For a model like this you can “profile” the log-likelihood so it is a function of two parameters, the ratios of the standard deviations, λ₁ = σ₁/σ₃ and λ₂ = σ₂/σ₃ where, to save myself LaTeXing I translated α -> 1, β -> 2 and ε -> 3.

Start with the X’X type of matrix from hcat(X, Z, Y)
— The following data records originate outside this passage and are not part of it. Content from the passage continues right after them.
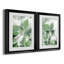 Irene Weisz - ensemble de 2 reproductions-1763361685-1763361673-1763361683
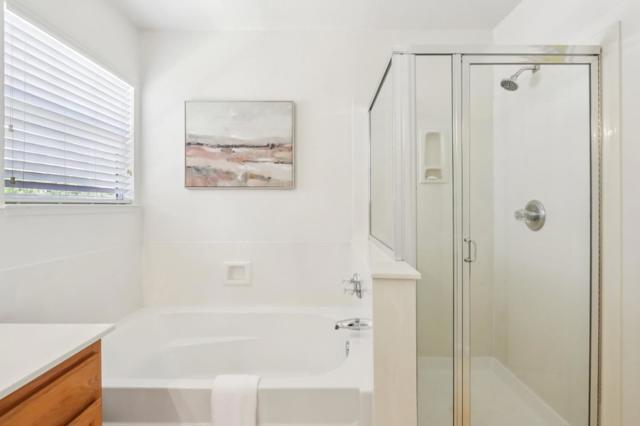 6307 Hematite Court, San Jose CA: https://media.crmls.org/mediaz/54c69c88-79e7-4044-bd5c-05376a96065f.jpg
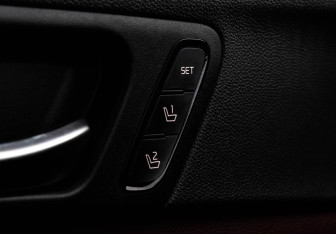 Подержанный автомобиль Kia Optima Sedan 2018 года (23 фото)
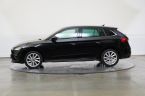 Škoda Scala - fotka číslo 2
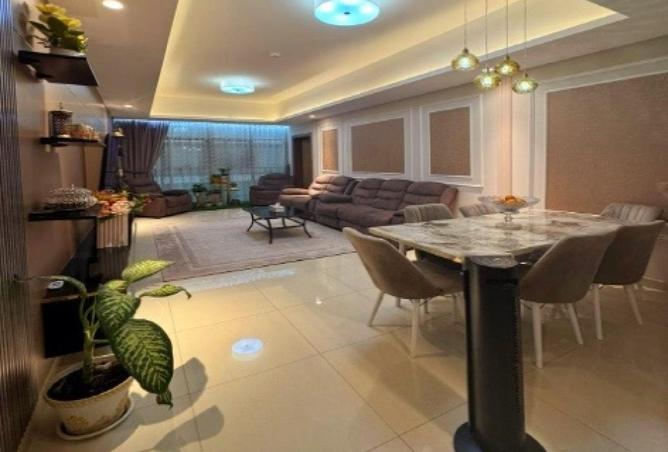 60930067 - صورة العقار 2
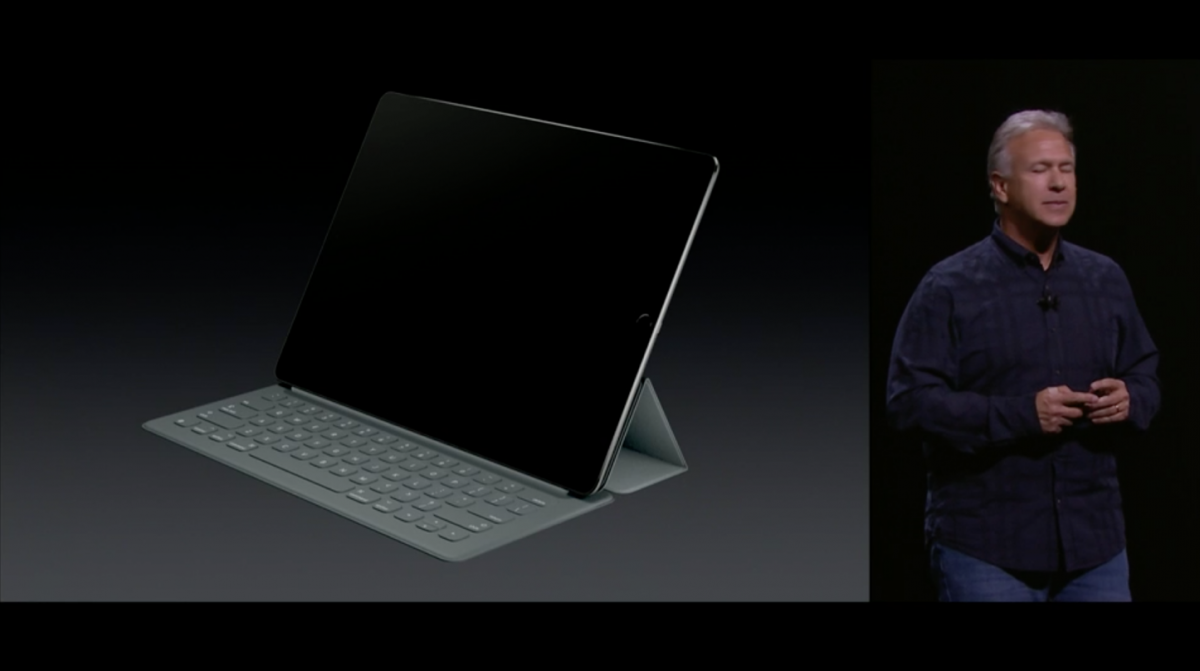 iPad-Pro-Smart-Keyboard-04.png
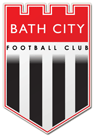 Bath City 
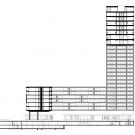 pontsteiger-residential-building-architects-arons-en-gelauff-architecten-35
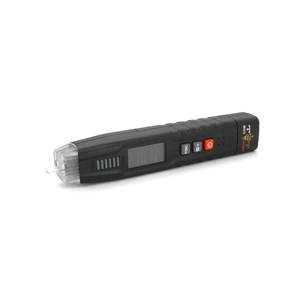 Цифровий мультиметр Mayilon HT-122, V, R, C, F (HT-122) зображення 1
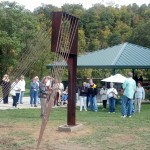 murdoch art in greensboro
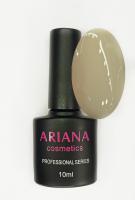 ARIANA cosmetics professional series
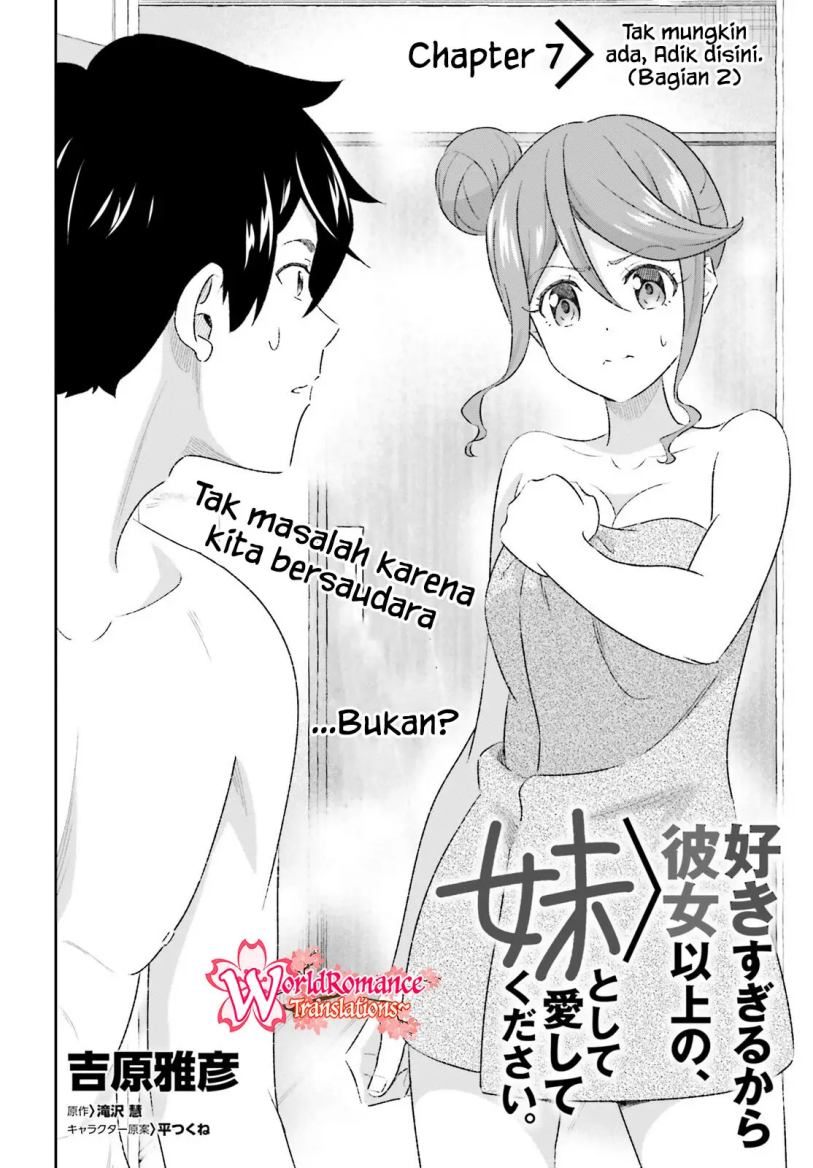 Chapter 7 - halaman 4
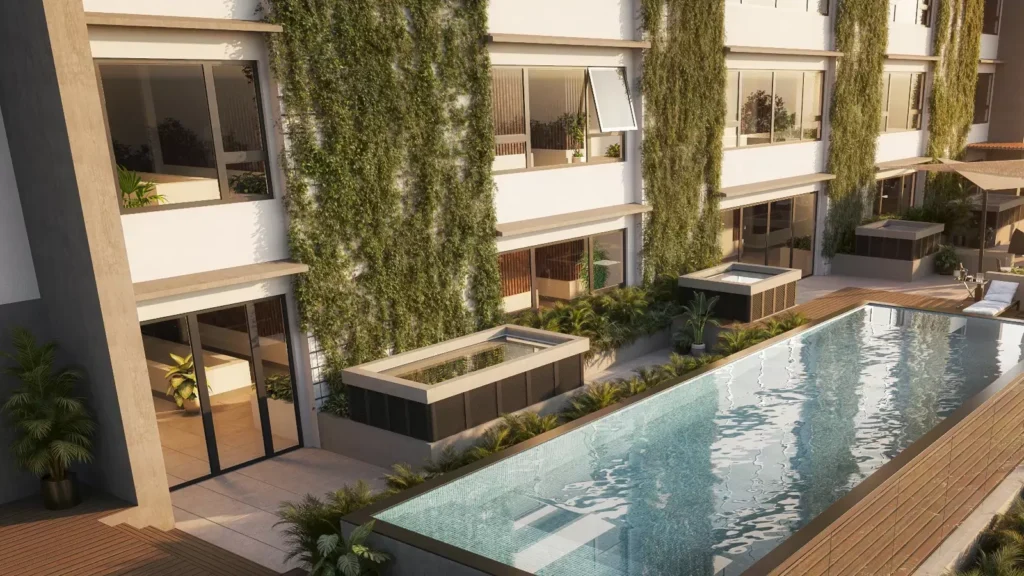 tower-38-by-2futures-pool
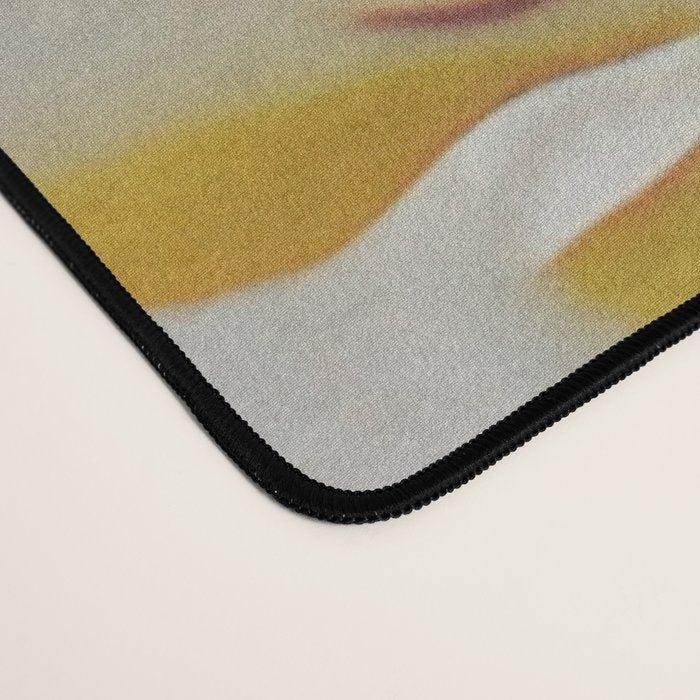 Pure Desk Mat Gallery Image 4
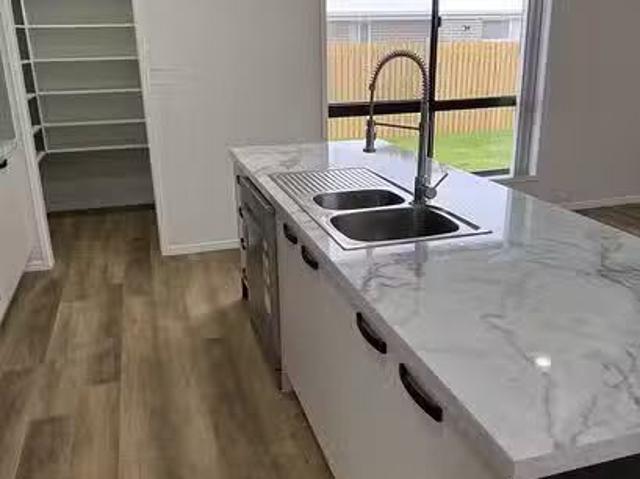 House for rent in Great Sandy Strait, Queensland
using LinearAlgebra, Random
X = [1 0 0;
     1 1 0;
     1 1 0;
     1 1 1;
     1 1 1;
     1 1 1]
Z = [0 0 0;
     0.2 0 0;
     0.2 1 0;
     0.2 1.2 0;
     0.2 1.3 1;
     0.2 2 2]
const n = size(Z, 1)
const α = [0, 1, 2]
const β = [1, 2, 3]
Y = X*α .+ Z*β .+ randn(MersenneTwister(1234321), n)*0.01
XZY = hcat(X, Z, Y);
const A = Symmetric(XZY'XZY, :L)
const L = copy(A.data);

Given λ₁ and λ₂ you form the Cholesky factor of a matrix that I write in shorthand form as Λ'AΛ + I, where
Λ is block diagonal in 3 diagonal blocks: λ₁I, λ₂I, and I of sizes length(α), length(β) and 1, respectively and the I is added only to the random-effects part. (In your case both α and β behave like random effects).

I would do it like this

function obj(λ)
    k = LinearAlgebra.checksquare(A)
    copyto!(L, A)
    m = λ[1]
    for j in eachindex(α)
        for i in 1:k
            L[i, j] *= m
            L[j, i] *= m
        end
        L[j, j] += 1
    end
    offset = length(α)
    m = λ[2]
    for j in eachindex(β)
        jj = offset + j
        for i in 1:k
            L[i, jj] *= m
            L[jj, i] *= m
        end
        L[jj, jj] += 1
    end
    cholesky!(Symmetric(L, :L))
    objective = 0.0
    for j in 1:(offset + length(β))  # evaluate the logarithm of the determinant
        objective += 2log(L[j, j])
    end
    objective += n * (1 + log(2π) + log(abs2(L[end,end])/n))
    objective
end

Then minimize this objective with respect to the two-dimensional λ, both components of which are constrained to be non-negative.